UPDATED: The SA Electoral Commissioner says a crime has been committed in the Adelaide City Council election which affected 23 votes, but the results of an ongoing investigation are still several months away.

Nov 14, 2022, updated Nov 17, 2022
Photo: Tony Lewis/InDaily

Photo: Tony Lewis/InDaily

The Electoral Commission of SA (ECSA) over the weekend rejected 23 Adelaide City Council central ward ballots, after it found they were not returned by the residents whose names were attached to the voting slips.

The ballots came from four apartment buildings in the Adelaide City Council central ward, where a vote harvesting scam targeting international students is alleged to have taken place.

According to provisionally-elected Lord Mayor Jane Lomax-Smith, “possible intervention” may have resulted in voting packs not reaching some residents of those buildings.

ECSA has not yet opened the declaration envelopes to see which candidate the rejected ballots preferenced.

Asked on ABC Radio Adelaide this morning whether someone had committed a crime, SA Electoral Commissioner Mick Sherry said: “That’s right.”

He said electoral staff checked signatures against enrolment forms and phoned electors to determine whether they were valid.

“We did have a number of people we called who said they didn’t vote,” Sherry said.

“We subsequently held 23 of those ballots out of the count because we weren’t satisfied that they were valid and they subsequently weren’t in the count.

“We put all the measures in place within the confines of the legislation to ensure the integrity of the election based on the information we had at hand at the time.”

Sherry said ECSA did not know who was behind the alleged crime, with an ongoing investigation underway.

“These are quite serious allegations, so we have people currently investigating,” he said.

“Those investigations, I expect, might take probably several months based on the information they’re likely to require to try and understand what’s happened here.”

ECSA resumed ballot counting this morning, after weather conditions caused delays over the weekend.

It confirmed on Saturday night Lomax-Smith as the provisional winner of the Lord Mayoral race, with the former Rann Government Minister defeating opponent Rex Patrick by a razor-thin margin of 52 votes after preferences.

Patrick has since said he is considering whether to dispute the validity of the election in the Court of Disputed Returns.

Table: ECSA

Results for the four central ward seats are yet to be formally declared, but ECSA’s latest update shows federal public servant Jing Li is in front with 511 first preference votes, followed by Australian Institute of Conveyancers SA CEO Carmel Noon on 467 votes.

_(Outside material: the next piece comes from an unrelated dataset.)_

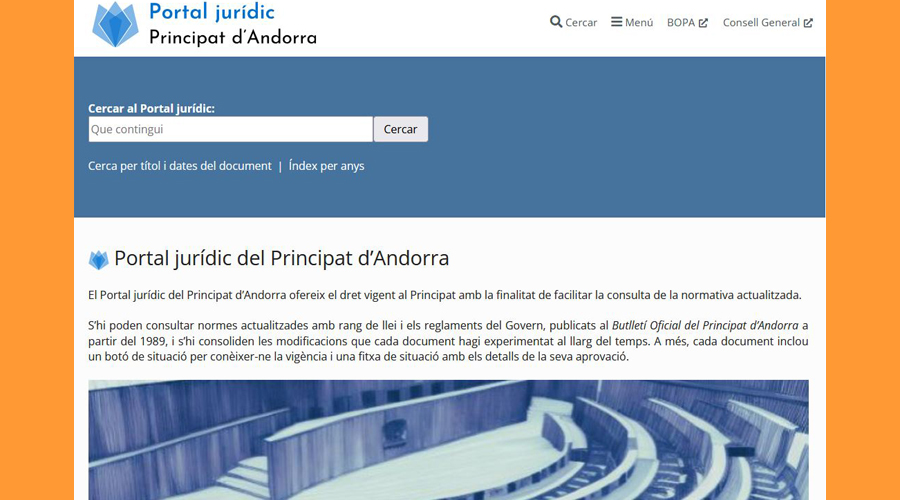 El Portal Jurídic d'Andorra (SFGA)
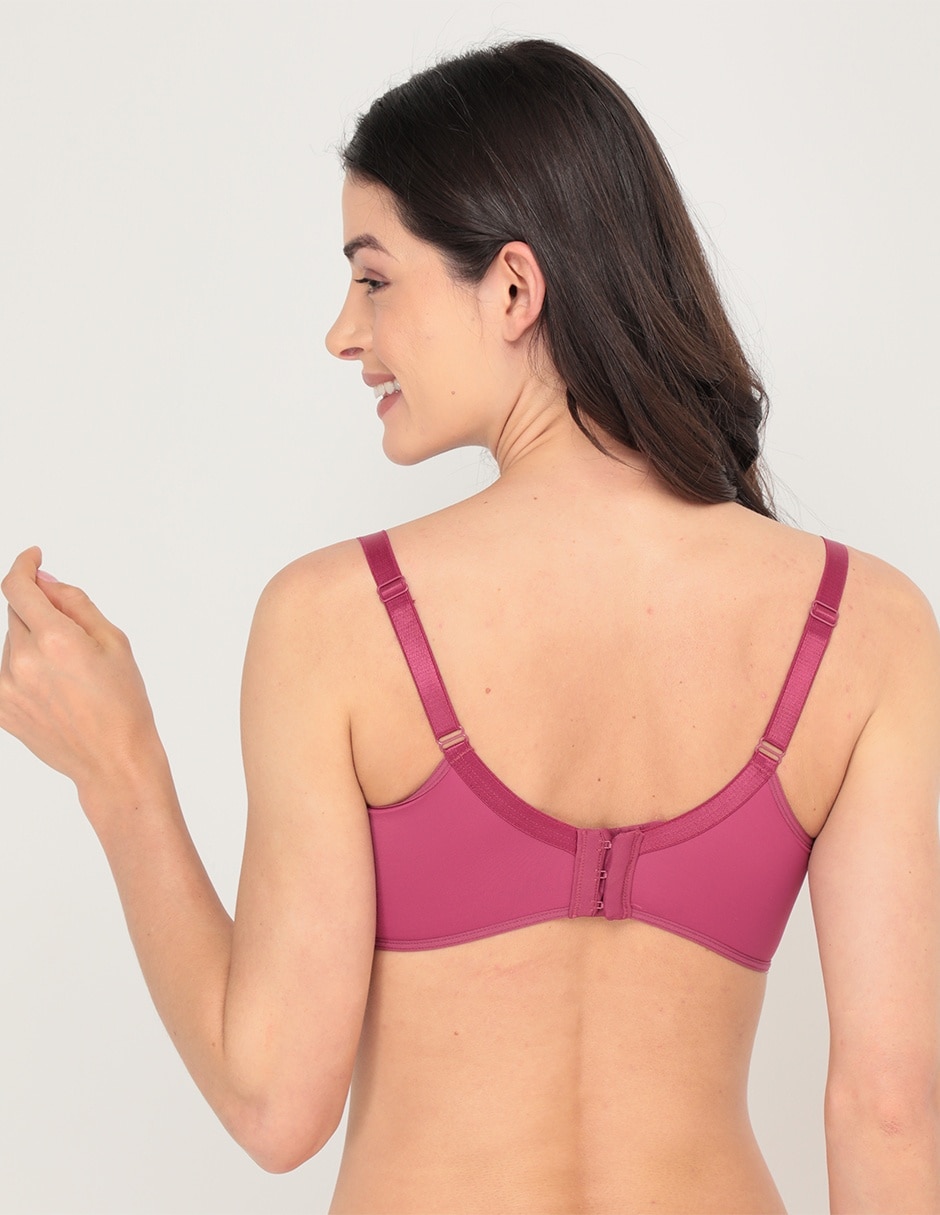 Brassiere demi con copa para mujer 3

On first preferences, incumbent councillors Simon Hou and Alexander Hyde are next in line with 356 and 341 respective votes.

Table: ECSA

In the north ward, incumbent councillors Phil Martin and Mary Couros have been provisionally re-elected, comfortably shrugging off a challenge by former councillor Sandy Wilkinson.

Table: ECSA

At the opposite end of the city, incumbent councillor Keiran Snape declared he had won one of two south ward seats, posting on Facebook that he had “gotten a quota outright”.

ECSA’s latest update shows him comfortably leading with 758 first preference votes, ahead of second-placed retailer Colette Slight on 277 votes and third-placed sustainability consultant Mark Siebentritt on 275 votes.

Table: ECSA

Long-term councillor Anne Moran has conceded defeat in the area ward contest, with incumbent councillor Arman Abrahimzadeh and former union boss Janet Giles snagging the two remaining city council seats.

Table: ECSA

Meanwhile, Sherry said 363 votes were excluded from the Marion Council election, after ECSA staff identified they had “very, very similar handwriting and similar patterns on the returned ballots”.

He said 13 ballots were similarly rejected from West Torrens.

“This is the first time we’ve seen actual specific examples (of voting irregularities) to the extent where we’d actually hold out many votes,” he said.